5. Even if the title for a position includes “Cloud Security”, more times than not most organizations use Amazon AWS and prefer candidates with strong skills using it. This is interesting since basic cloud technology has many identical services and functions across all three major cloud service providers even if names of specific services are different. For example, Azure has Defender for Cloud whereas AWS has Inspector. Both services perform security assessments and assess for compliance. In short, a candidate with experience in Amazon AWS should be able to quickly learn the basics of Microsoft Azure or Google GCP.

6. Even with experience using Amazon AWS in the past, I was passed over for jobs because it was assumed that since I used Microsoft Azure extensively at my last organization, I must have zero experience with Amazon AWS.

7. Consulting firms overall were more cloud neutral and more willing to accept candidates who have not selected a specific cloud to focus on.

8. In terms of cloud security certifications, Microsoft is the clear leader. All three cloud service providers have a general cloud security certification. Microsoft adds four on top of that including a brand-new Cloud Security Architect certification currently in beta. I know a few people who have already passed it.

9. Some positions include cloud security work as part of job duties even if “Cloud Security” is not in the job title. This is a mistake I made in my job search.

10. Many jobs involve the creation, optimization, or working with CI/CD pipelines, aka the heart of cloud workloads and where many security risks exist that need to be addressed with DevSecOps automation, security tools, and solid processes. This makes it essential to have some developer skills.

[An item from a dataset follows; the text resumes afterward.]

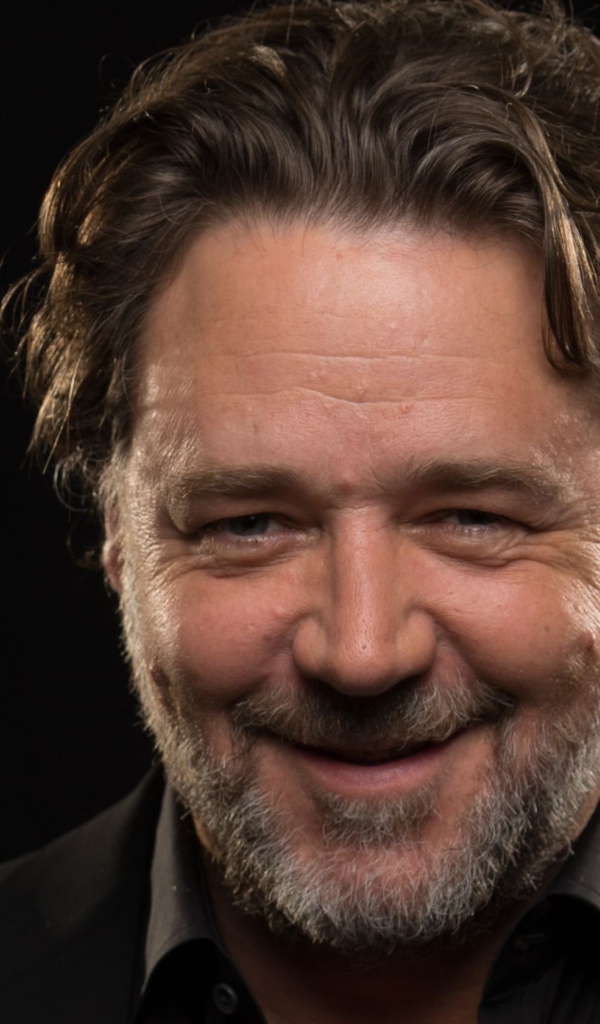 Улыбающийся Рассел Кроу на черном фоне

11. JSON is very much a required skill and used heavily for cloud work regardless of cloud service provider.

12. Many organizations moved to the cloud too quickly using the lift and shift model with little thought to security or cloud optimization. This increases the demand for cloud security professionals, who have to apply guard rails.

13. On the other side, many organizations make the mistake of just adding cloud security duties to existing staff, leading to higher chances of burn out.

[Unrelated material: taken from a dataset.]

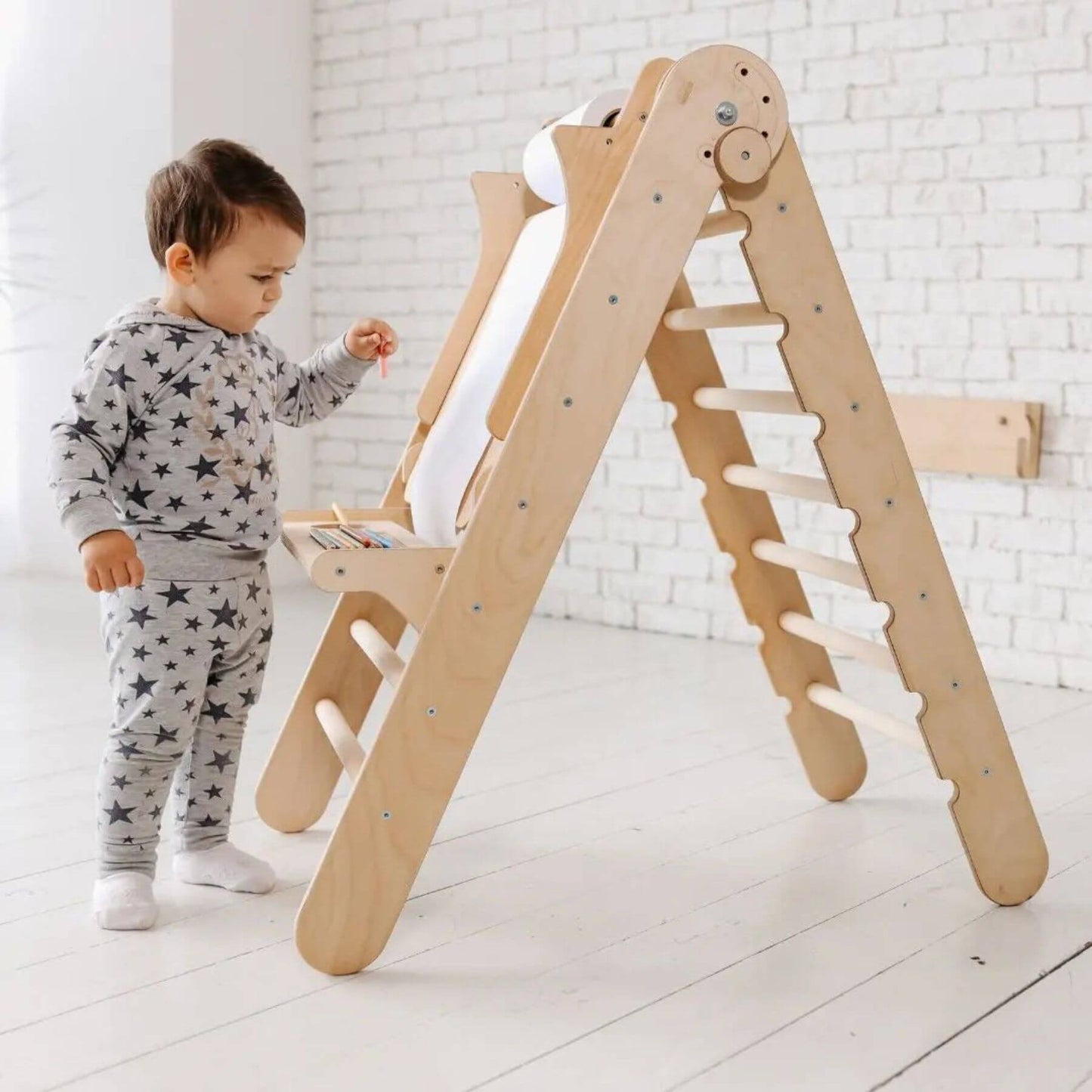 Child playing with Goodevas wooden climbing toy in a bright room.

14. Some recruiters reached out to me about positions that paid less than six figures with many assuming I am entry-level.

15. Many jobs were looking for a Cloud Security Architect level of experience even if the job is listed as Analyst or Engineer. Also, the vast majority of cloud security jobs are looking for Cloud Security Architects, leaving little room for folks who don’t have such a high-level skillset. In short, it feels like the market is saying: Cloud Security Architect or bust. I was lucky to land a security engineer role, on my way to Cloud Security Architect.

The views and opinions expressed in this article are those of the author and do not necessarily reflect the official policy or position of any other agency, organization, employer, or company.